Besides resonating many traditions of comedy against a firm basic realism, the film rests on an apparently complex emotional and philosophic base which seems to me not really complex but simply mature, being—on its smaller scale—at once as nihilistic as Celine, at least as deeply humane as Dickens, and at all times inviolably, genuinely, and intelligently gay. Excepting a few moments when Sturges forces everything too far, the film is also beautifully played, especially by William Demarest, whose performance stands with Paul Lukas’ in The Watch on the Rhine among the finest I have seen.

But you may, I have to realize, disagree with me. I have incredulously heard some people dismiss the show as ‘comedy”; they should stick to something really vital and serious like Zola. Others feel it is too frantic and too rough; it has enough mental, creative, and merely brutal energy for a hundred average pictures. Others object to various errors of taste, mainly connected with making laughs out of pregnancy. Here again I partly agree; but I would rather see pregnancy remain a subject for questionable laughter than see it become taboo against any laughter at all. Still others dislike the film for its multiple attack, its shiftiness of style; but if you accept that principle in Joyce or in Picasso, you will examine with interest how brilliantly it can be applied in moving pictures and how equally promising, as against the lovely euphonies René Clait achieved according to the same principle, astute cacaphony can be. For barring Chaplin’s this seems to me the largest American attempt, on the level of full consciousness, to stir up from the bottom the whole history and possibility of moving pictures into one broth; to draw, like Clair, on the blackloam, instinctive genius of the Mack Sennett comedies; and to amuse and excite the simplest at once with the most complex customers. In fact, in the degree that this film is disliked by those who see it, whether consciously or passively, I see a measure less of its inadequacies than of the progress of that terrible softening, solemnity, and idealization which, increasing over several years, has all but put an end to the output and intake of good moving pictures in this country.

Yet the more I think about the film, the less I like it. There are too many things that Sturges, once he had won all the victories and set all the things moving which he managed to here, should have achieved unhindered, purely as a good artist; and he has not even attempted them. He is a great broken-field runner; once the field is clear he sits down and laughs The whole tone of the dialogue, funny and bright as it often is, rests too safely within the pseudo-cute, pseudoauthentic, patronizing diction perfected by Booth Tarkington.
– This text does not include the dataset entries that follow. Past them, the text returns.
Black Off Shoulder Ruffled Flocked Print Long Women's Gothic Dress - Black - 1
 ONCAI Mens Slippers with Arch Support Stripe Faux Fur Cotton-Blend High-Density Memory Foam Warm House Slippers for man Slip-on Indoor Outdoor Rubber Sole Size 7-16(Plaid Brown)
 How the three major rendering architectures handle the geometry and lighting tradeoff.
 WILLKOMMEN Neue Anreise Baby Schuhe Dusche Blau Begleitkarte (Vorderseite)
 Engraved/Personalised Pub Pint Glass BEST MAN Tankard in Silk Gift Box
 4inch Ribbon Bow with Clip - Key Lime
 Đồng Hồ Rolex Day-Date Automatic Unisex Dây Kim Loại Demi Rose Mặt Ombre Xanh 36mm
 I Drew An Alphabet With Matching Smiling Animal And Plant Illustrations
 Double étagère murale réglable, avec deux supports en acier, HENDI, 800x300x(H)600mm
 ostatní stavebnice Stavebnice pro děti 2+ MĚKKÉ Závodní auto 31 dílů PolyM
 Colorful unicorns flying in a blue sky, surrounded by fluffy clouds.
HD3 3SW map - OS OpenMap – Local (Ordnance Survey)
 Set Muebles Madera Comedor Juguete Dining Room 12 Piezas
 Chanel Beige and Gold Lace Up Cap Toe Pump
And in the stylization of action as well as language it seems to me clear that Sturges holds his characters, and the people they comically represent, and their predicament, and his audience, and the best potentialities of his own work, essentially in contempt. His emotions, his intelligence, his aesthetic ability never fully commit themselves; all the playfulness becomes rather an avoidance of commitment than an extension of means for it. Cynicism, which gives the film much of its virtue, also has it by the throat; the nihilism, the humaneness, even the gaiety become, in that light, mere postures and tones of voices; and whereas nearly all the mischief is successful, nearly every central and final responsibility is shirked. Of course there is always the danger, in trying to meet those ultimate human and aesthetic responsibilities, of losing your gaiety; but that never happened to Mozart—or to René Clair at his best.

I mention Clair again because Sturges has so many similar abilities so richly—and because there is such a difference between the two. Whether or not he ever makes another film under favorable circumstances, and up to his best, Clair is one of the few great artists of this century. Sturges, in his middle forties, is still just the most gifted American working in films, vividly successful in the kind of artful-dodging which frustrates Clair; hollow and evasive at those centers in which Clair is so firm. I suspect that Sturges feels that conscience and comedy are incompatible. It would be hard for a man of talent to make a more self-destructive mistake.